• [Your objective]:
In your transcription, keep every record exact and leave out the pictures.
━━ Data extract ━━
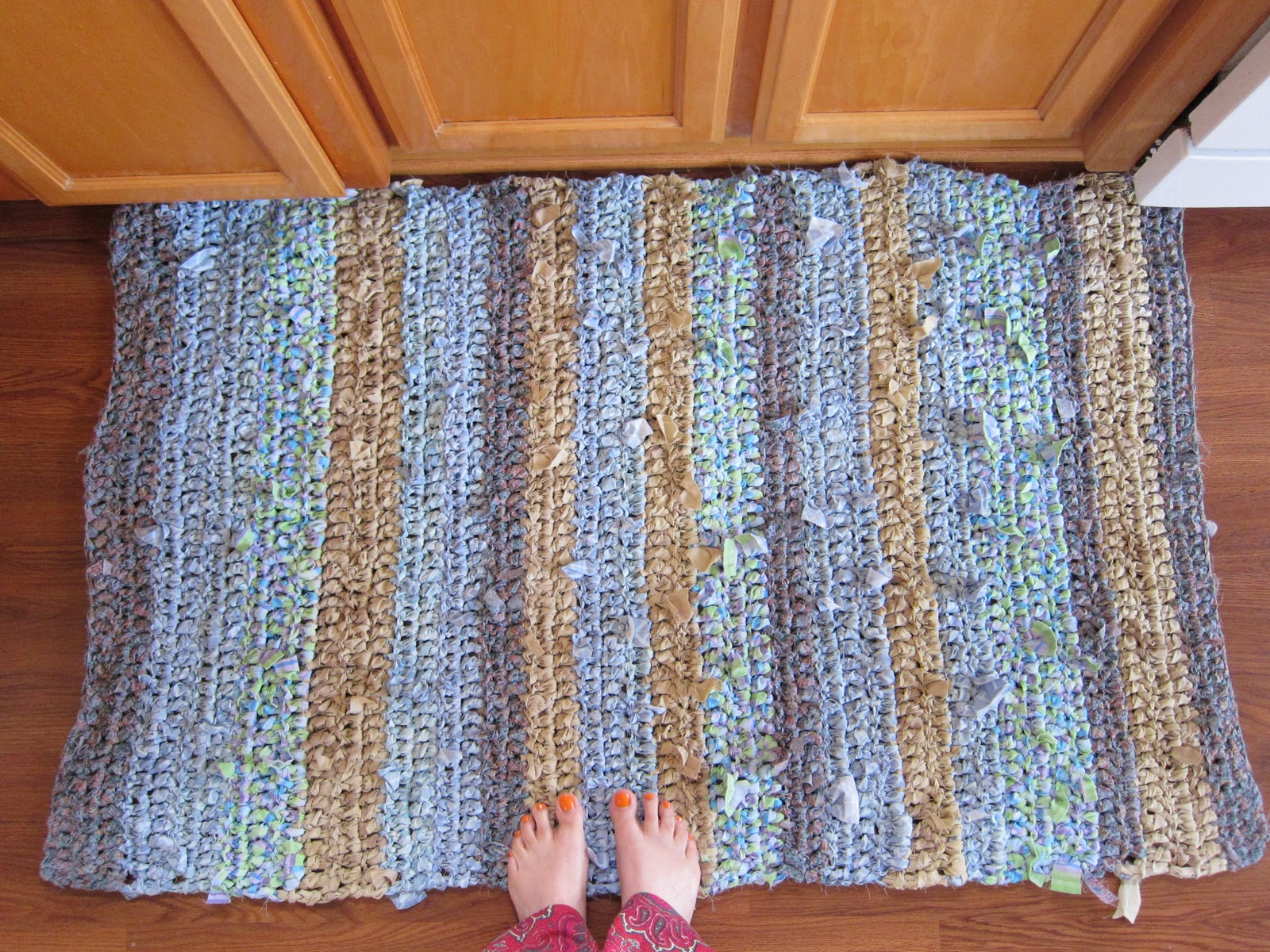 Thinking Out Loud Making a Rag Rug from Old Sheets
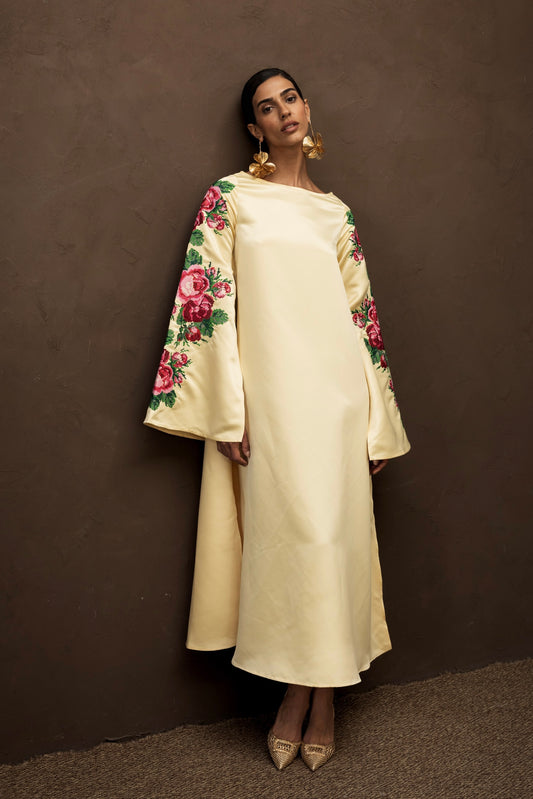 فستان عباءة الورد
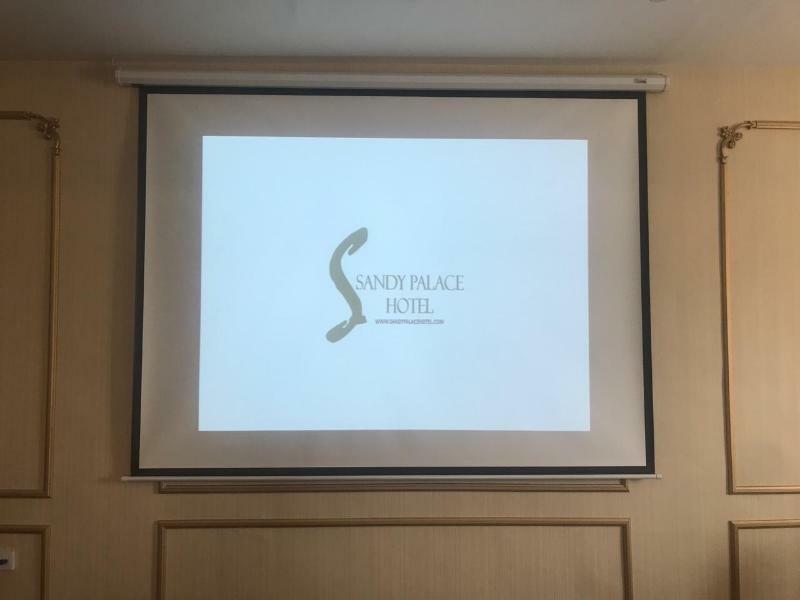 Carnival Hotel Ammán Kültér fotó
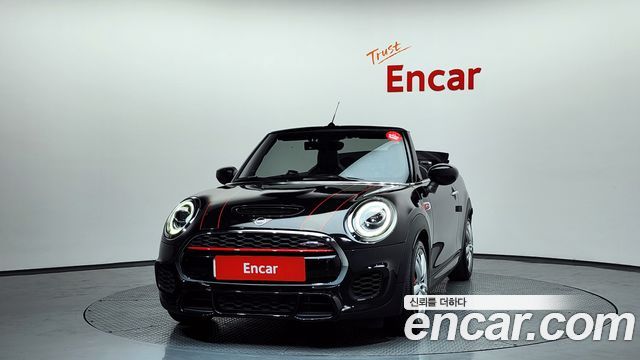 Mini Cooper Convertible 2020 — photo 35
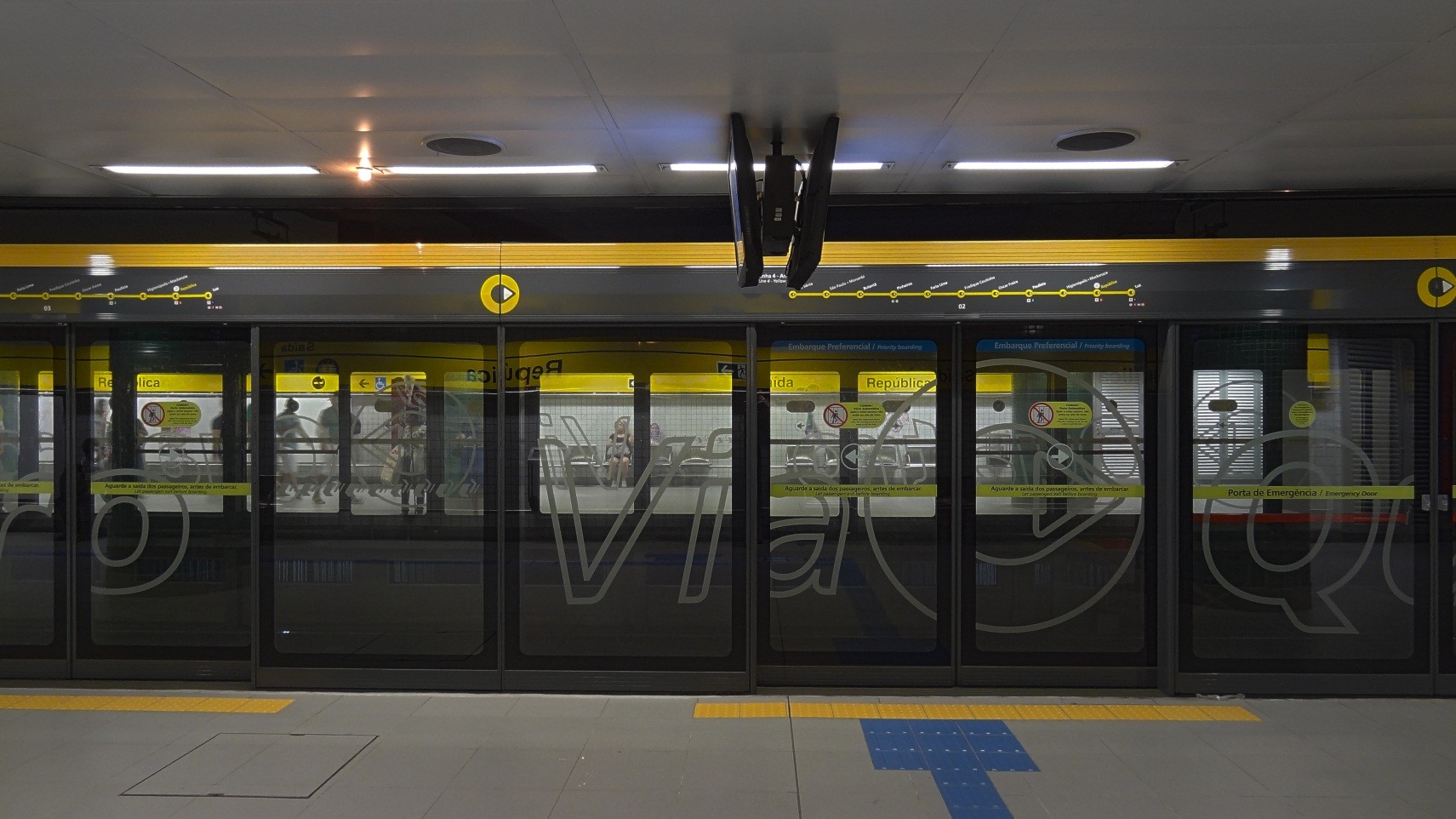 Figura 5, vista atual da plataforma da Estação República, adaptada para receceber a atual Linha 4 - Amarela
━━━
• [Solution below]:
 Thinking Out Loud Making a Rag Rug from Old Sheets
 فستان عباءة الورد
 Carnival Hotel Ammán Kültér fotó
 Mini Cooper Convertible 2020 — photo 35
 Figura 5, vista atual da plataforma da Estação República, adaptada para receceber a atual Linha 4 - Amarela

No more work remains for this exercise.